I was standing in the checkout line of Safeway-this was years ago, at Berkeley-with "This in Which" in my hand, and the checker said, "'This in Which'? What kind of a book is that?" That's usually what one has to take out of poems, those prepositional phrases… Yeah, he's a very original and probably under-appreciated poet.
JR




I think that's true, although, I guess he did win a Pulitzer, but… in general I think that's true. I think his life story is an interesting one, and may be part of the reason for that—I wouldn't say obscurity, but his underappreciation certainly.
BR


Well, I don't know George Oppen's life story, I don't know if you have time to tell it, but specifically, what are you referring to?
JR



Well he was kind of famous for dropping out of the poetry scene for some twenty-five years. He began writing back in the, I believe it was maybe the thirties, and in fact saw himself as very much… a writer of his time in the thirties.
BR He was an objectivist…
JR












He was an objectivist, that's true. And many of the objectivists were characterized as objectivists… against their own will by someone else, but… he wrote in the thirties and then, he became a member of the Communist Party and began I guess being more involved with labor organization and that sort of thing, and then just completely dropped out of the poetry scene.
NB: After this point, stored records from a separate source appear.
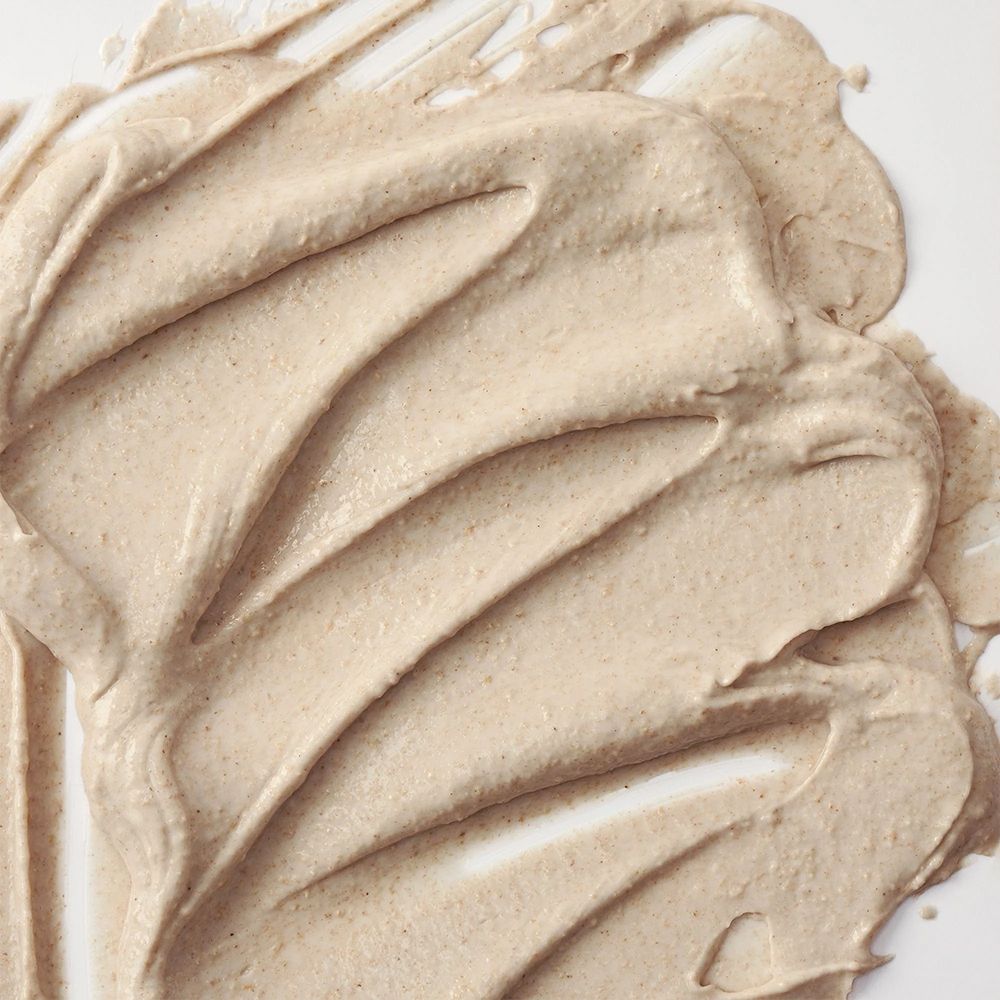 Cremige Textur der BEAUTY OF JOSEON Ground Rice and Honey Glow Mask, in Wellen aufgetragen.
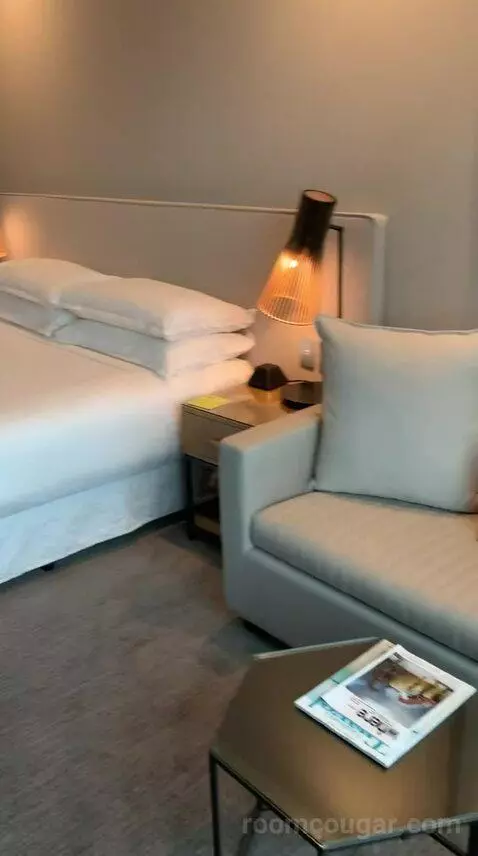 Superior King Room (#1803) bed picture #5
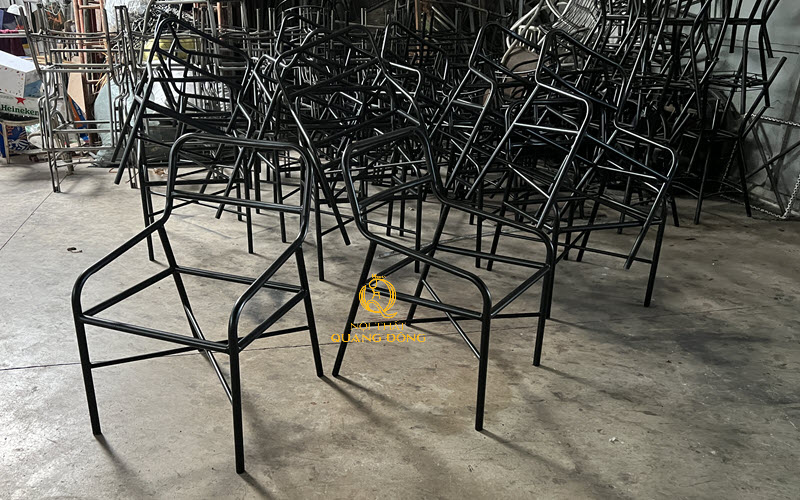 Khung bàn ghế Qd - 2105 tại xưởng Nội thất Quang Đông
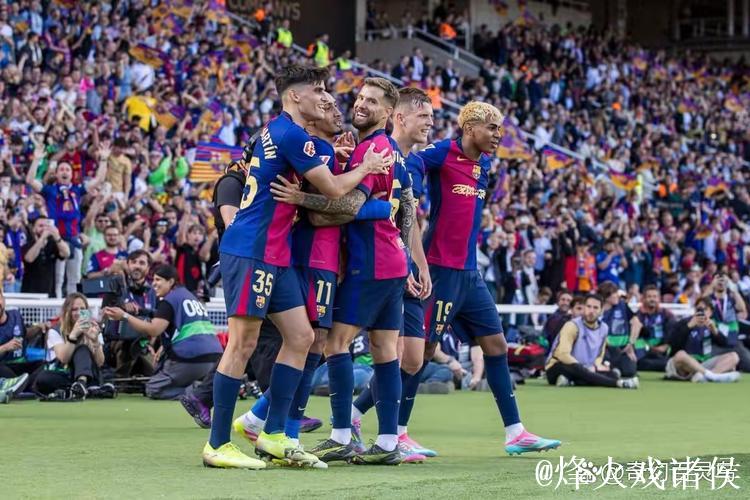 巴萨2025年西甲已打入100球,比第二名的皇马多了31球 巴萨2025年西甲已打入100球,比第二名的皇马多了31球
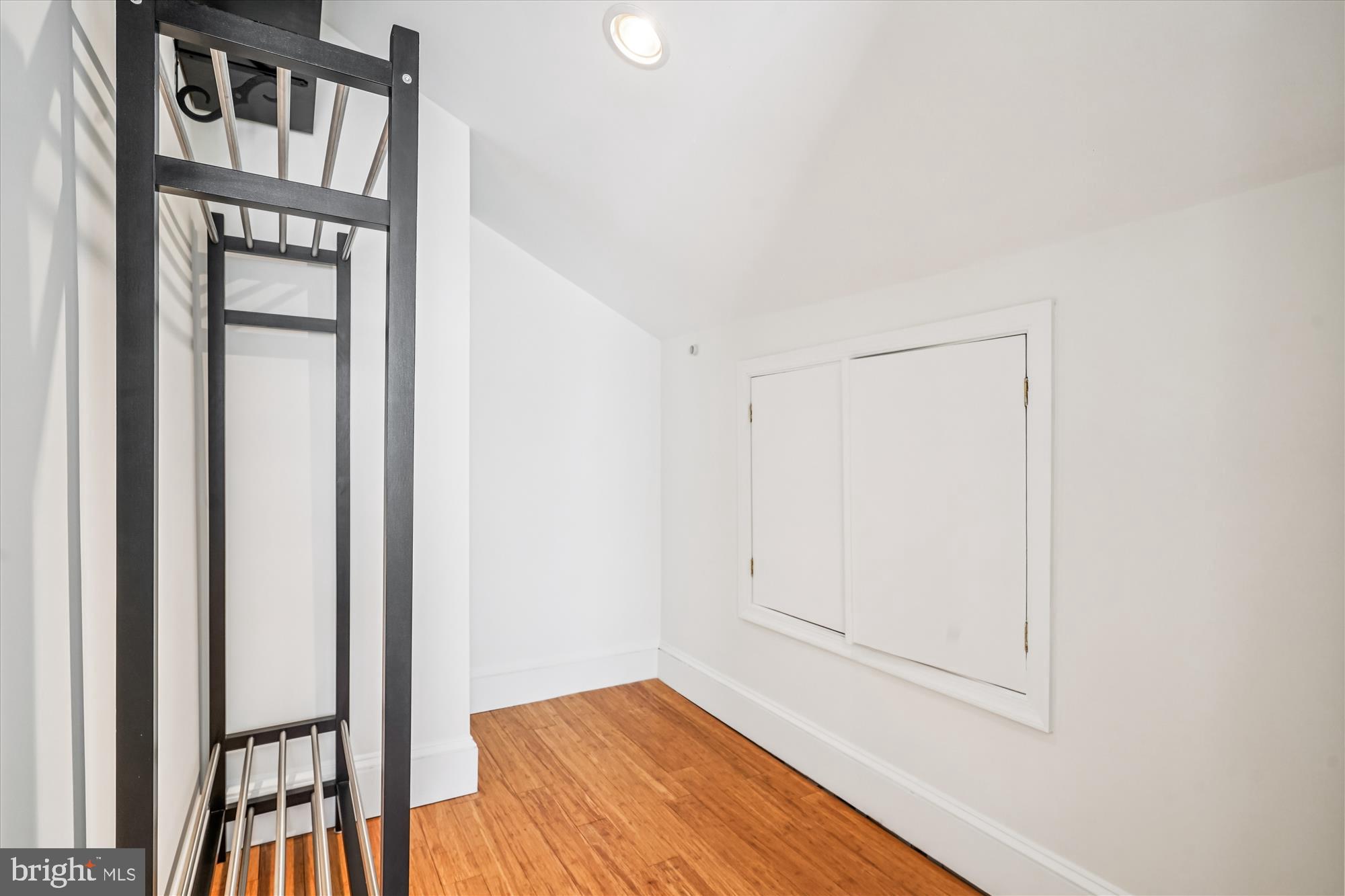 421 S COLUMBUS STREET S 421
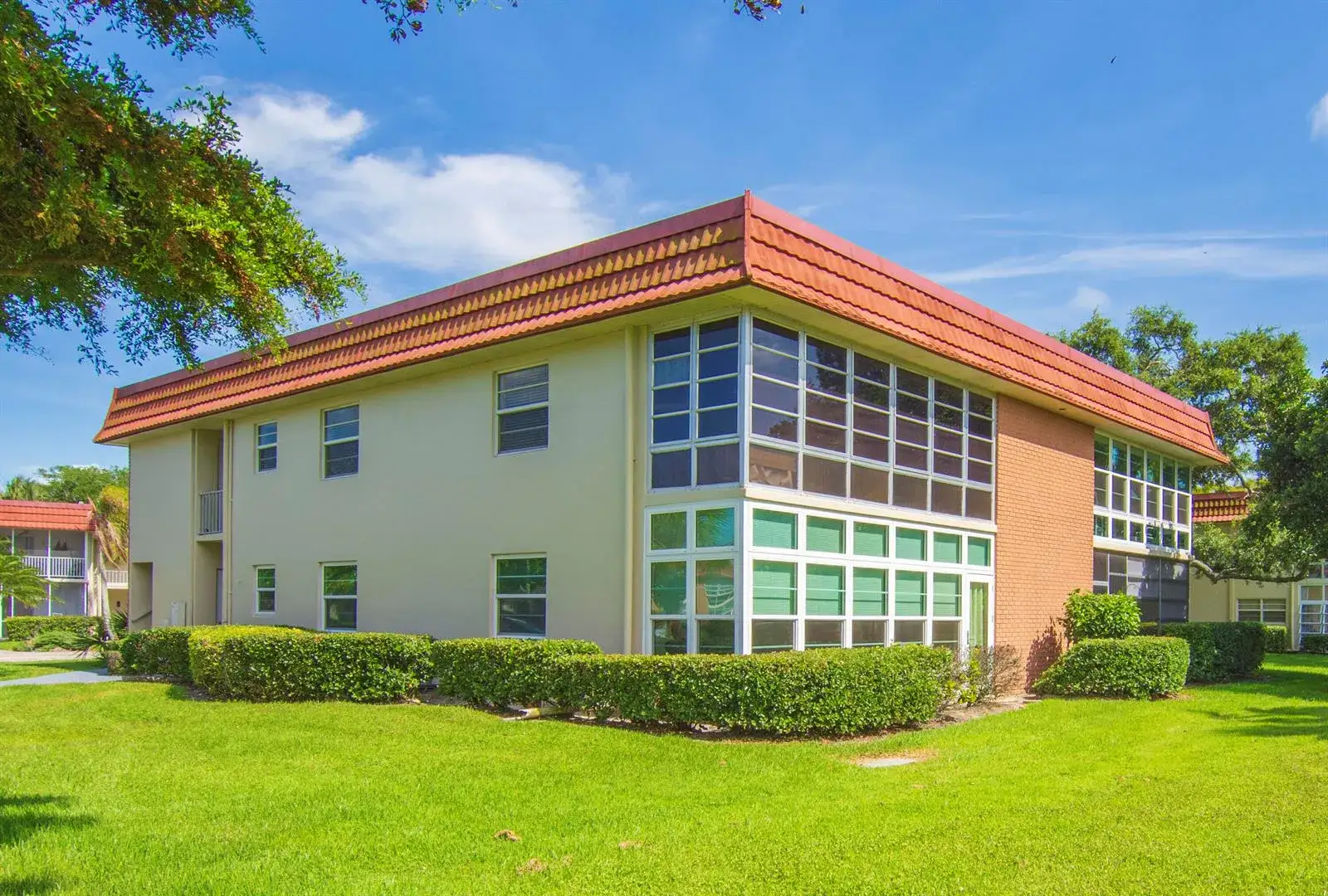 2 bedroom 2 bath Residential for sale at 16 Vista Palm Lane # 106, Vero Beach FL 32962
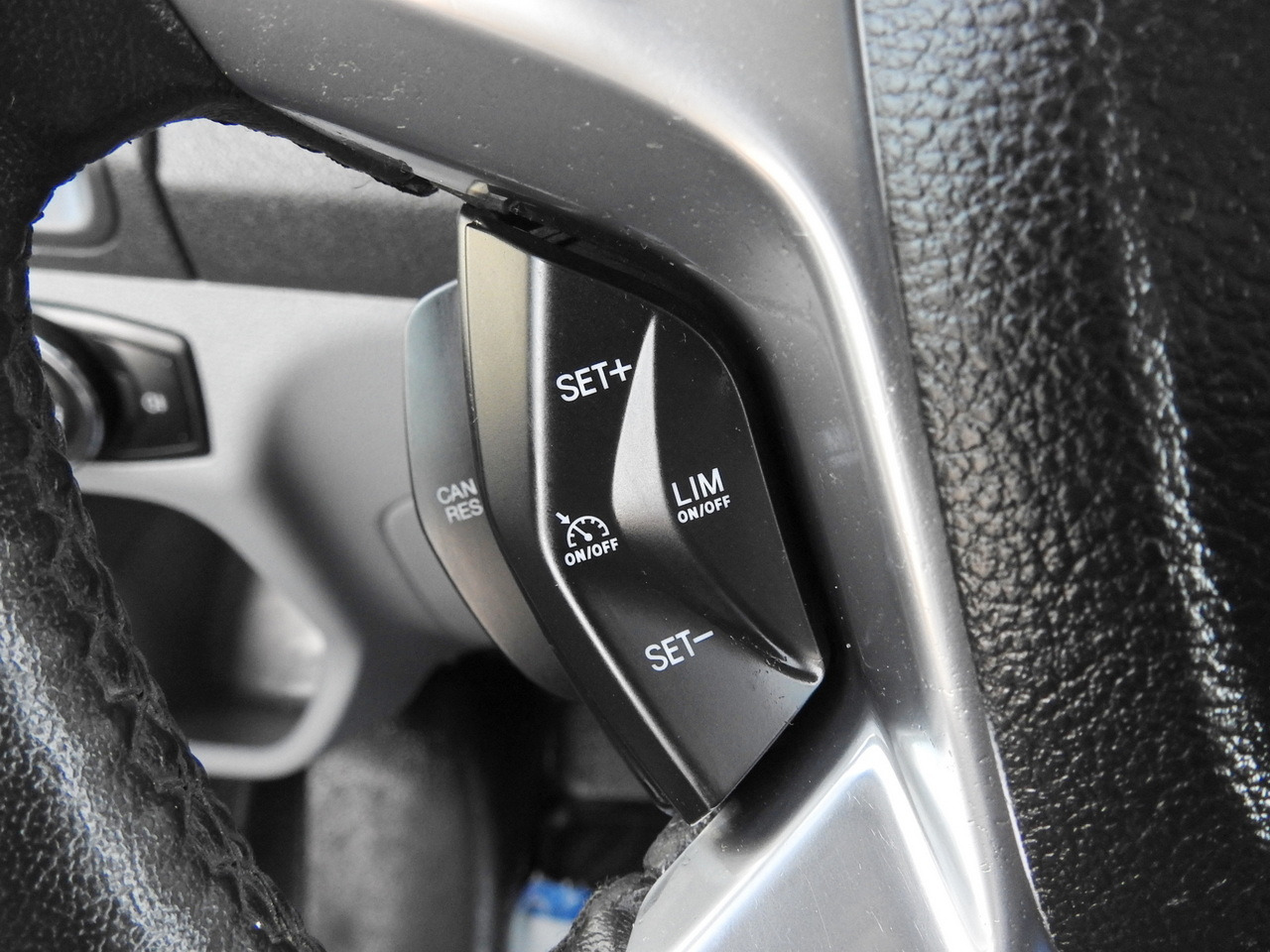 Closed box van FORD TRANSIT  BOX LIFT 8 PALLETS CRUISE CONTROL LED LIGHTS TWIN WHEELS AIR CONDITIONING  170HP: picture 32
And he was trying to deny his own fairly wealthy upbringing by just living very much a frugal existence and… moved to Mexico for several years, and he and his wife pursued a sort of itinerant lifestyle. But then he began writing again, I believe in the late fifties, and then went on to produce several books after that.
BR

But James, what about your work? What are you working on now?
JR






I am working on some poems that are based around a trip that Jeanne Heuving and I took to Mexico in December, and …they concern themselves a little bit with that sort of displacement and shift that we were talking about earlier. And then there are a couple that are… a little bit more mythic in their content about the Mayans and their history.
BR

Did you explore any of the ruins? Did you climb those steps?
JR


We did. We went to several ruins, and wherever there was a pyramid, we climbed it. The view was spectacular from the top.
BR


That sounds like a likely experience for making a poem. Thank you very much for being here and talking to us today.
JR Oh it was, it was really my pleasure. Thank you Belle.